PROBLEM REQUIREMENTS: Below are records; extract exactly the lines from the one with "Sergey, , 52" through the final line, including both, but drop the pictures.

(Data extracted from a collection)
- - - - -

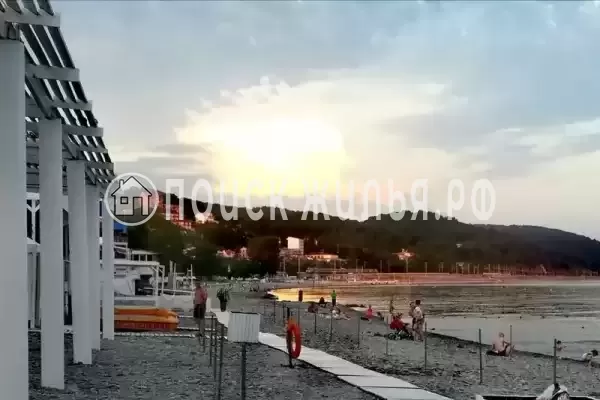 Частный сектор «Таунхаус под ключ»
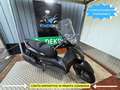 Piaggio Beverly 400 Sport Nero - thumbnail 1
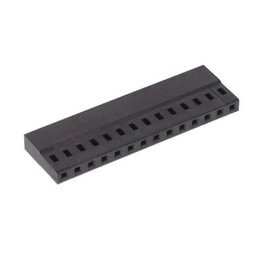 1-2316102-4 TE Connectivity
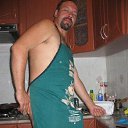  Sergey, , 52  -  3  2024    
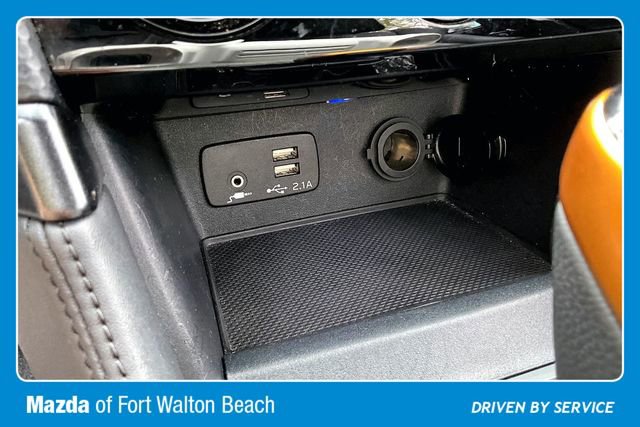 Used 2023 Subaru Forester Wilderness w/ Wilderness Package AWD/4WD image 26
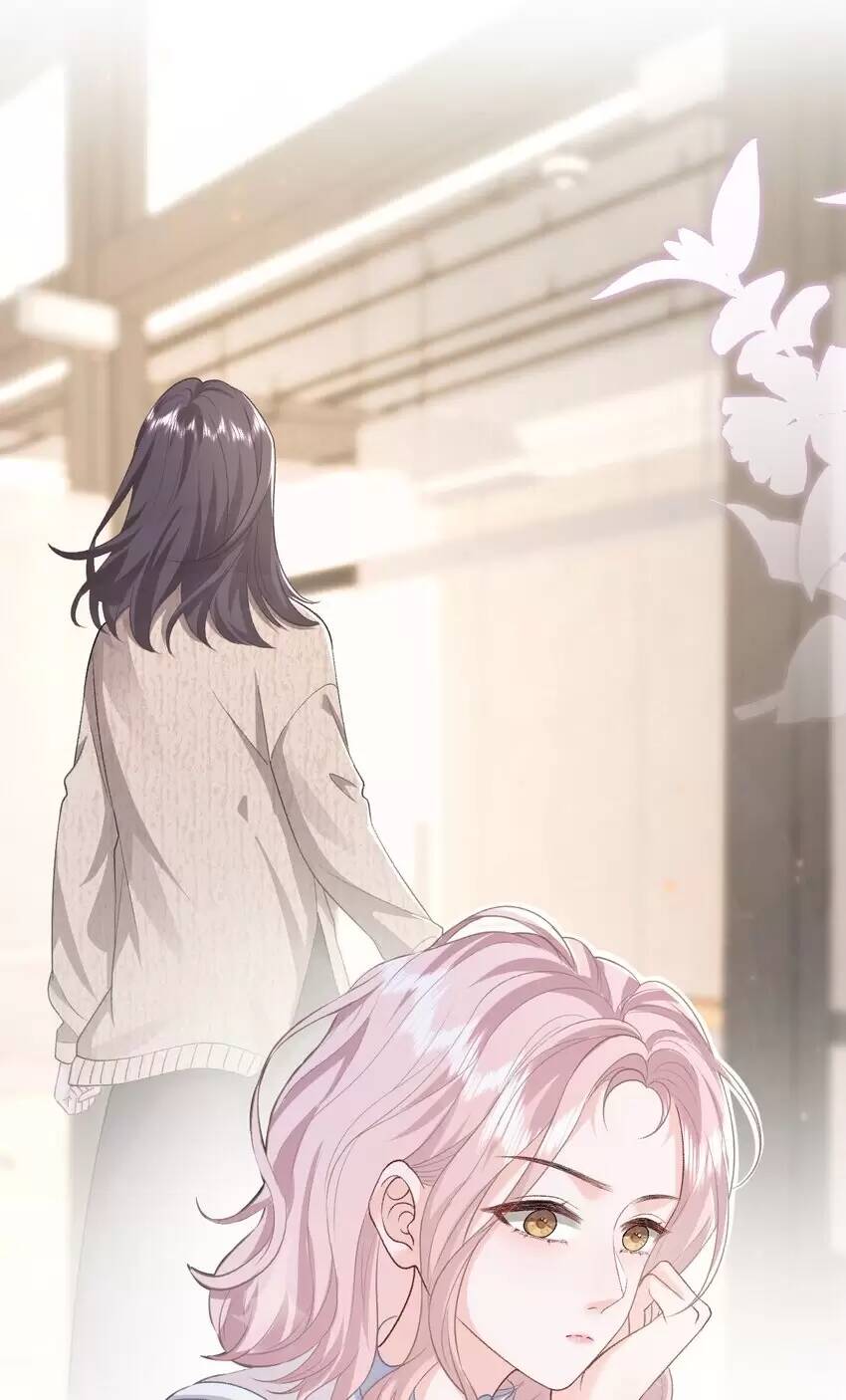 mận xanh chapter 22 25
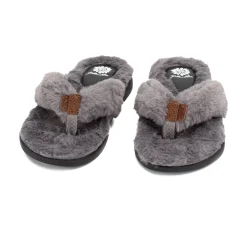 Women Yellow Box Sandals><noscript><img width=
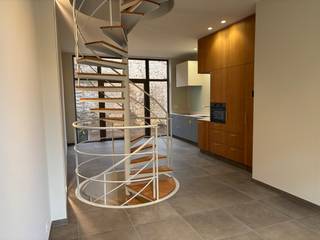 House for rent in Veurne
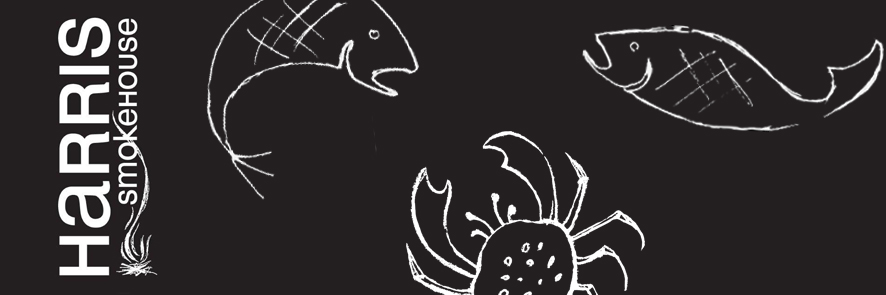 Harris Smokehouse Pty Ltd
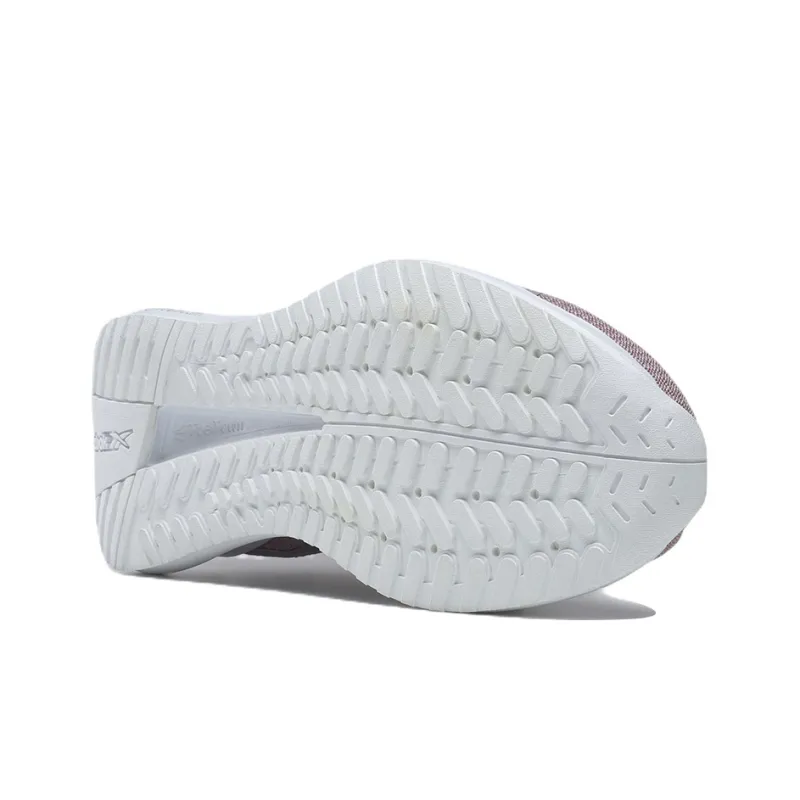Reebok Women's Energen Plus 2 'Infused Lilac' Women's-4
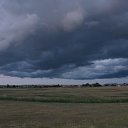  Sergey, , 54  -  22  2012   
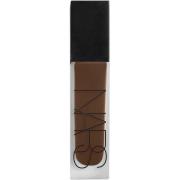 NARS Natural Matte Longwear Foundation Anguilla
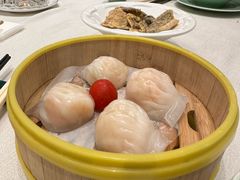 -满乐潮州(深业上城店)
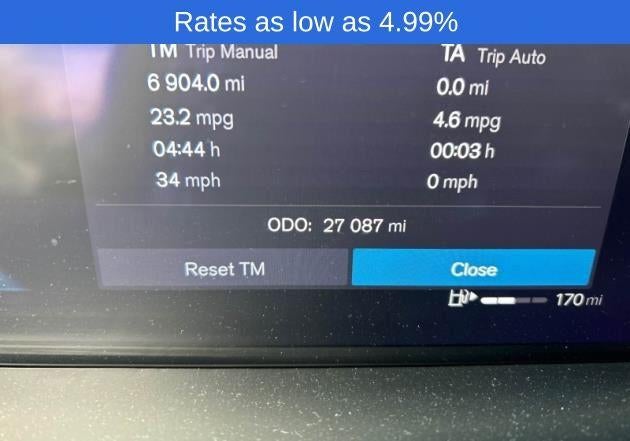 2023 Volvo XC90 B5 AWD Plus 7P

- - - - -

WRITTEN SOLUTION:
  Sergey, , 52  -  3  2024    
 Used 2023 Subaru Forester Wilderness w/ Wilderness Package AWD/4WD image 26
 mận xanh chapter 22 25
 Women Yellow Box Sandals><noscript><img width=
 House for rent in Veurne
 Harris Smokehouse Pty Ltd
Reebok Women's Energen Plus 2 'Infused Lilac' Women's-4
  Sergey, , 54  -  22  2012   
 NARS Natural Matte Longwear Foundation Anguilla
 -满乐潮州(深业上城店)
 2023 Volvo XC90 B5 AWD Plus 7P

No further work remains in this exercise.